Finally. It’s finally happening.
Food labels are finally getting an update.
Proposed about 2 years ago, it’s been a long time coming. But why do the labels need updating anyway? To remain relevant. I mean after all we are learning more and more about nutrition through research and something that was started more than 25 years ago has to keep up with the times don’t ya think?
Food labels were created to help people make more informed decisions about the foods they eat. However, the labels have been based on eating habits and nutrition information from the seventies and eighties. Uh – I think we all know that our eating habits have changed through the years. In fact, food portions have doubled and, in some cases, tripled over the past twenty years. These increases in portion sizes is linked to the rise of obesity. The new food labels will include information that is supposed to reflect how Americans really eat. Uh-oh.
You know what that means? When you look at the back of that bag of chips you’re likely to see the nutrition information if you were to eat the whole bag not the nutrition information of eating only 1oz, which was the suggested serving size. Because let’s be honest – how many of you really only eat 15 chips at a time? That’s what I thought.
- Serving sizes are updated, bolded with a larger font.
- Calories will also be bolded and have a larger font.
- Dual columns for servings sizes: per serving & whole package will be listed.
- Amount of added sugars listed under total sugars.
- Updated daily values and better explanation about what this means.
- Nutrient information provided for vitamin D, Calcium, Iron and Potassium.

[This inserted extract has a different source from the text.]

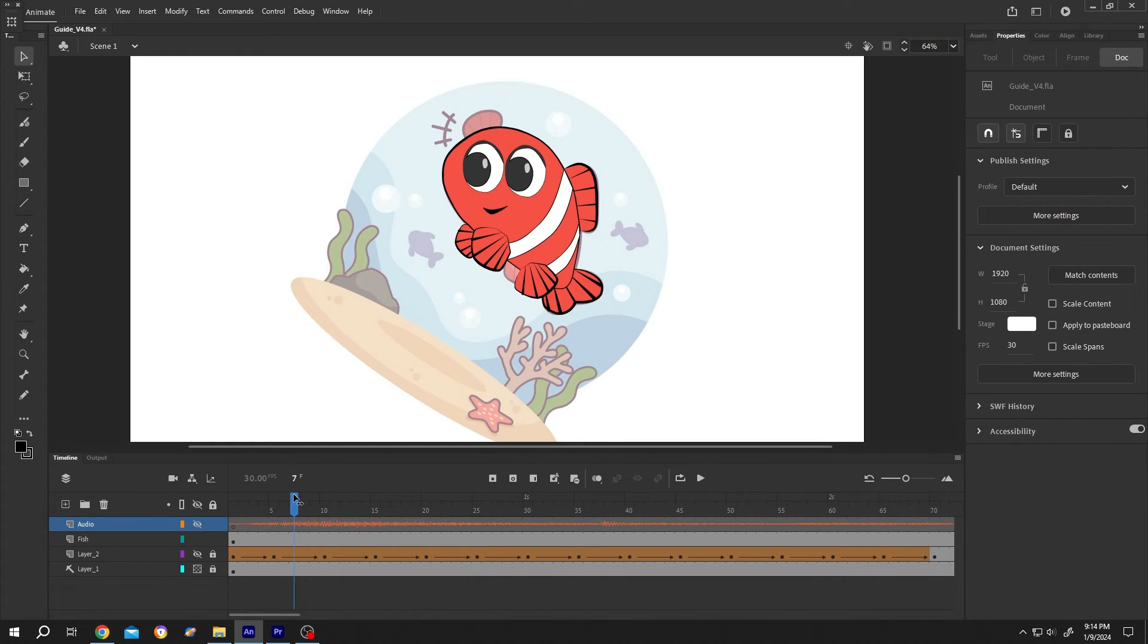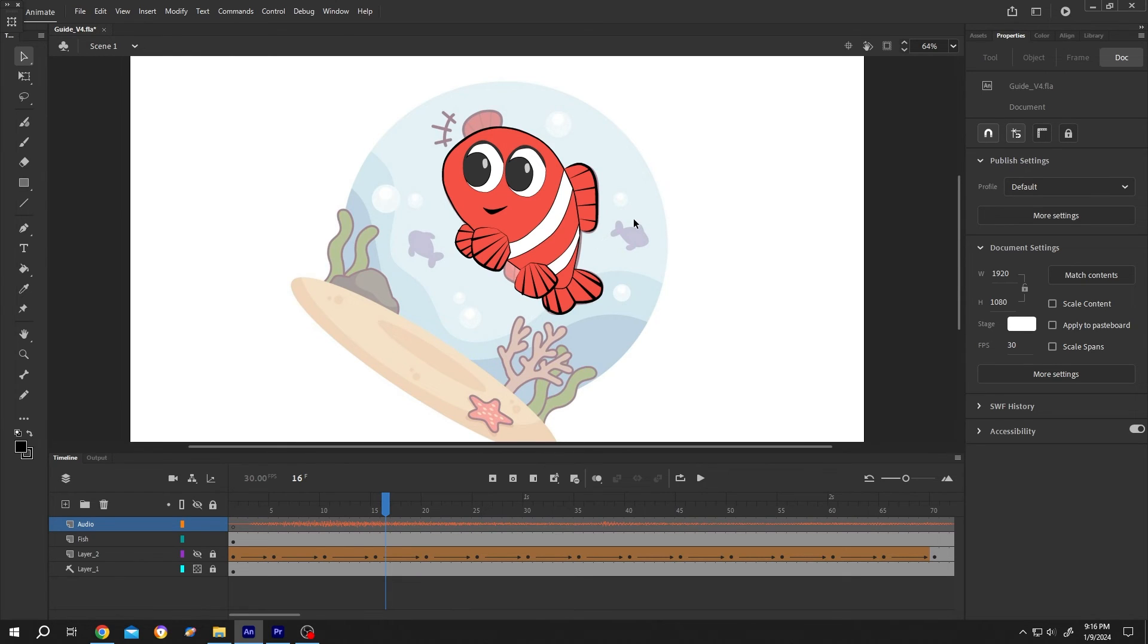And when you are done, just enable it. I have a full video on how to work with audio in Adobe Animate. You will find the link in the video description. Thank you guys for watching. Have a good day.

While the new label is designed to help you make better food choices, I think there are some flaws. I think it’s great that the new label includes the amount of added sugars. This keeps it in line with the 2015-2020 Dietary Guidelines for Americans that recommend to limit added sugars to no more than 10% of your daily calories. However, this is supposed to shock you into realizing how much sugar you’re actually eating. Will this work? I don’t know – maybe. If you’re already conscious about what you’re eating you probably don’t eat too much added sugar anyway. If you’re not conscious about what you’re eating is this really going to matter to you? I don’t know – maybe? Hopefully?
If I had a wish list I would want sugar to be listed as teaspoons, protein to be listed as ounces and daily values to disappear. Why? By listing as teaspoons and ounces, I think may make it easier to understand just how much you are eating. After all, don’t we hear about how many teaspoons of sugar Americans are eating and all about keeping your protein portion sizes to about 5-6oz. per day? So the new label still requires some translation. Oh and the daily values? Well, they’re only relevant if you actually consume a 2,000 calorie diet per day. So while it may give you an idea, it’s not an exact value.
Overall, I think the new labels are heading in the right direction. But it’s up to you to take advantage of this tool provided to you.
What do you think of the new food labels?